Soube que, a despeito de sua idade, de uma saúde que sempre inspirou cuidados, passava por fase vibrante de sua vida empresarial, carregando planos e sonhos de crescimento. Sentia-se como se estivesse vendo uma rosa em plena floração. Sua energia e determinação eram contagiantes e sua capacidade de florescer em meio a adversidades ensinou que a vitalidade não reside apenas na resistência, mas na disposição de ousar ser alegre e se reinventar.
O seu desaparecimento tão repentino causou um impacto muito grande, um choque para todos os seus familiares, amigos, inclusive a este humilde escriba.

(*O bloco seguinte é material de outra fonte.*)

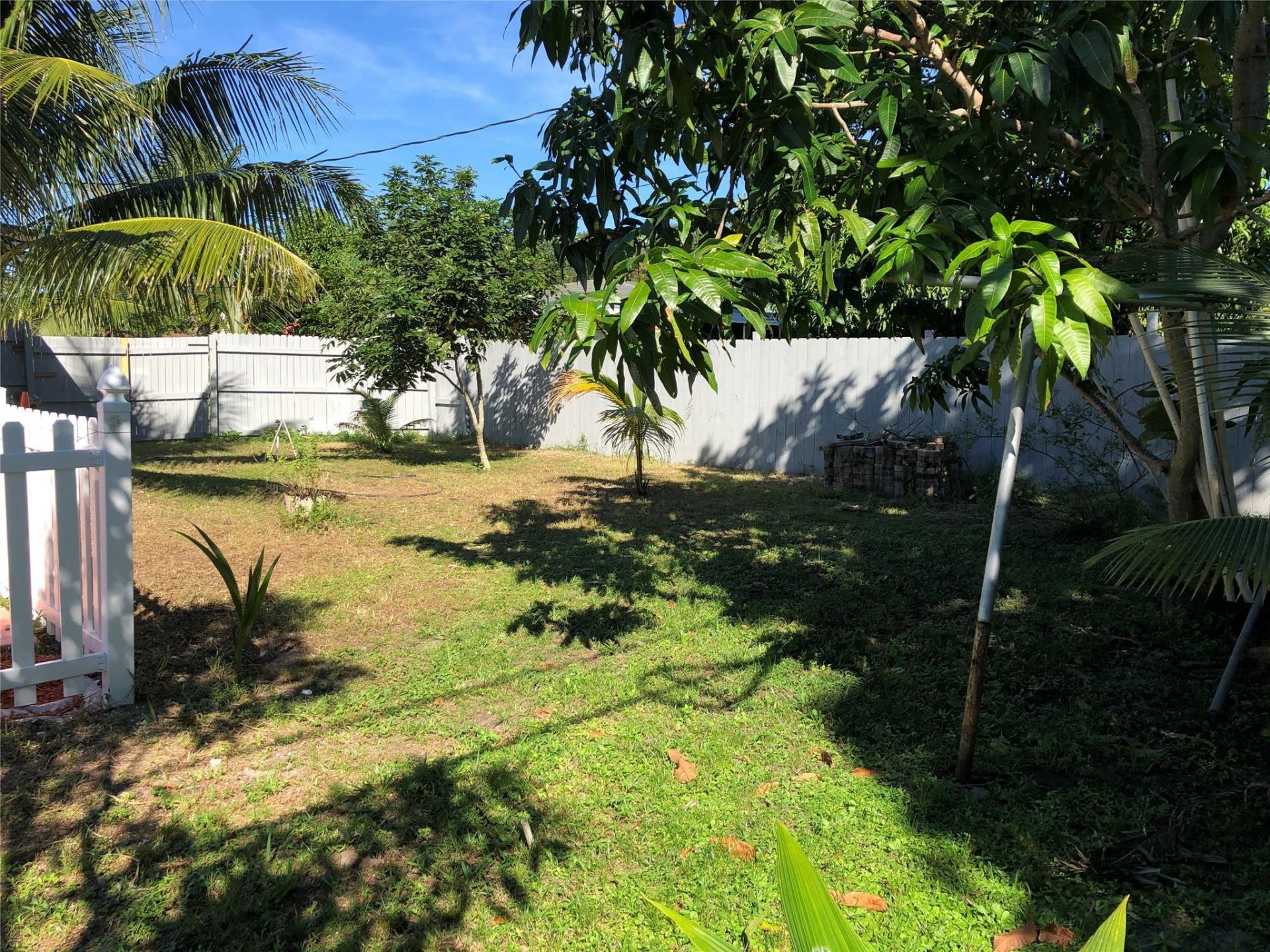 650 E Campus Circle, Fort Lauderdale, FL 33312 Photo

A outra figura notável, que não era Rosa, mas igualmente maravilhosa como uma flor, chamava-se Aiko, minha querida mãe que, com seu espírito de guerreira e dedicação incondicional, sempre foi o pilar de apoio da família. Aos 103 anos, ela nos deixou no ano passado de forma serena, tranquila, como sempre pedia e rogava ao Altíssimo. Sua longevidade não era apenas um número, mas o reflexo de uma vida vivida com propósito e alegria.
Ela foi ainda um exemplo de resiliência, determinação e generosidade, sempre encontrando um espaço em seu coração para aqueles que a necessitassem. Essa capacidade de amar, de dedicação ilimitada à família e comprometimento, fez dela uma figura central em nossa família.
Deixou uma biografia repleta de momentos difíceis, de sacrifício, trágicos até, como foi a epopeia da maioria dos imigrantes que, assim como ela , deixou o Japão ainda criança, junto com pais e irmãos, em busca de uma vida melhor e mais digna no Brasil. Mas, apesar de todos os percalços enfrentados, nunca perdeu a esperança de um futuro melhor para si e principalmente para seus filhos.
Deixou um legado que a família só pode se orgulhar e reverenciar. Sua ausência é sentida em cada reunião de família, em cada risada compartilhada, nas viagens e passeios que fazíamos, nos quais sua presença era sinônimo de alegria e disposição. O vazio deixa uma saudade que, apesar de dolorosa, se transforma em gratidão pelas memórias que foram construídas.
As Rosas que se foram nos deixam lições profundas que ecoarão em nossas vidas. A fragilidade da vida nos convida a valorizar cada momento, a cultivar relações e a expressar nosso afeto enquanto ainda é tempo. A dor da ausência é intensa, mas cada lembrança traz à tona sorrisos compartilhados e a certeza de que, apesar da tristeza, é preciso celebrar as vidas que impactaram a nossa. Rosa e D. Aiko, em sua singularidade, deixaram um legado de amor, de força e perseverança que nunca se apagará da nossa memória.
Assim, ao refletir sobre essas partidas, percebo que as Rosas que se foram não seriam felizes em ver florescer apenas a saudade. Elas nos ensinaram a seguir em frente, a ser gratos e a permanecer juntos, mesmo em tempos difíceis. A vida, com suas idas e vindas, nos lembra que cada flor tem o seu tempo, mas o amor que compartilhamos permanece eternamente, aquecendo nossos corações e nos guiando para a frente.
Em tempo: mais de mil pessoas compareceram ao velório da inesquecível Rosa, para levar o seu último adeus e na Missa do 7º Dia a Igreja foi pequena diante da significativa presença de amigos que compareceram para dedicar suas preces à derradeira e mais bonita jornada que Rosa estará realizando.